# Best Yeast For Coper's Sparking



## pbrosnan (6/5/05)

Here's an old chestnut, what do people think is the best strain for Cooper's Sparkling? I'm a Wyeast user so I'd be looking to use one of their's but I'd like to know if anyone has come close and what the recipe looked like.


----------



## Gough (6/5/05)

What's wrong with trying the bottle yeast? Look for newer bottles, keep it cool during ferment and no banana/off flavours in my experience. Just something that tastes a lot like Cooper's yeast should taste  

Shawn.


----------



## warrenlw63 (6/5/05)

Perhaps follow this thread;

Coopers Sparkling Ale

Warren -


----------



## Tim (6/5/05)

Ive heard (so this is most likely incorrect), that the coopers yeast is a burton upon trent style yeast.

This could be just one of the millions of HB myths, but it may have some merit.
Tim


----------



## ozbrewer (6/5/05)

Tim said:


> Ive heard (so this is most likely incorrect), that the coopers yeast is a burton upon trent style yeast.
> 
> This could be just one of the millions of HB myths, but it may have some merit.
> Tim
> [post="57759"][/post]​




Yes i think you are incorrect.
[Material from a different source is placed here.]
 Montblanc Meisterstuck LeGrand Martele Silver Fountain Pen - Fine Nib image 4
I spoke to the marketing manager from coopers about 3 years ago, and this subject came up. THere yeast has been created to work on the style they "were" brewing at the time, It has been designed to work over a larger than normal temp range for the homebrewer. As far as the bottled yeast was concerned, he wouldnot either admit or deny that it was the same as the dry kit yeast, but assured me that if i was to culture from the bottle it would be a good yeast for homebrewing.....and he would not admit...or deny that there is a different yeast added to the bottle for 2ndry fermentation....I dont know that much has changed in 3 years, so if i was to make a coopers sparkling, i would culture from the bottle.....But remember that there are 2 stains in the bottle, I would take a sample from the yeast in suspension, rather than the yeas at the bottom of the bottle and make a culture from that....or just stir up the yeast and culture both, i would dare say that only 1 will become viable......

Or even easyer, use the dry yeast from the kit and see how close it comes out to the origonal


----------



## Kai (6/5/05)

For the naturally conditioned ales all the yeast in coopers bottle is the same, and the same yeast for bottling as for fermentation.
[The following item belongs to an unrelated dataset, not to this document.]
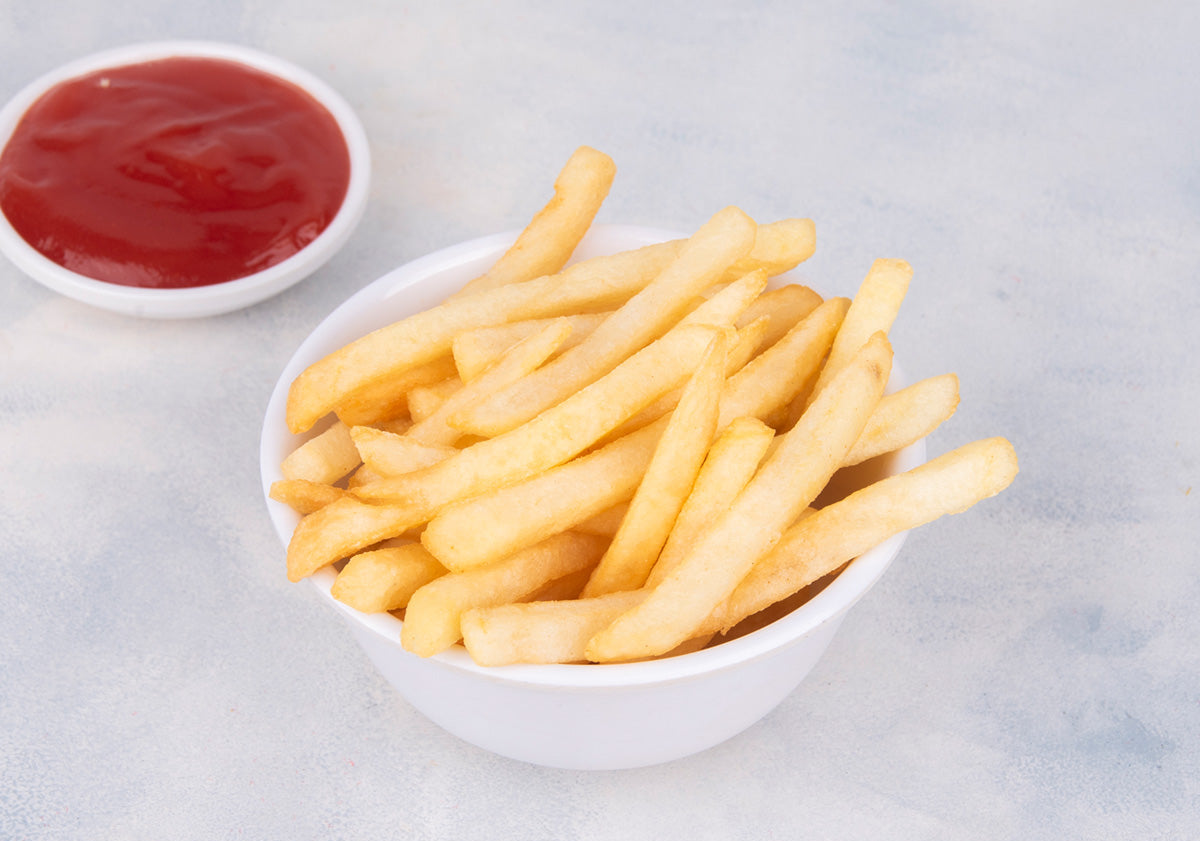 Delicious crispy French fries served as a fried starter at Heeran Al Dar Cafeteria.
If you're doing a coopers sparkling ale style beer, then culture up the yeast from a pale ale (freshest) or mild ale (low alcohol) bottle.


----------



## ozbrewer (6/5/05)

Kai said:


> For the naturally conditioned ales all the yeast in coopers bottle is the same, and the same yeast for bottling as for fermentation.
> 
> 
> [post="57779"][/post]​




Kai, is this for certain, I had the impression from what he was telling me, that they did use 2 strains, but at the same time he wasnt saying it....if ya get my point


----------



## Kai (6/5/05)

I think they might use two strains for the vintage, but I'm not sure. I am, however, fairly sure that there is only one strain of yeast used for the pale, sparkling, dark and mild.


----------



## Kai (7/5/05)

I do not think you would need 6 weeks conditioning to rid it of diacetyl, come to think of it I don't think you'd need any at all. 6 weeks conditioning would do the beer good for other reasons, though.


----------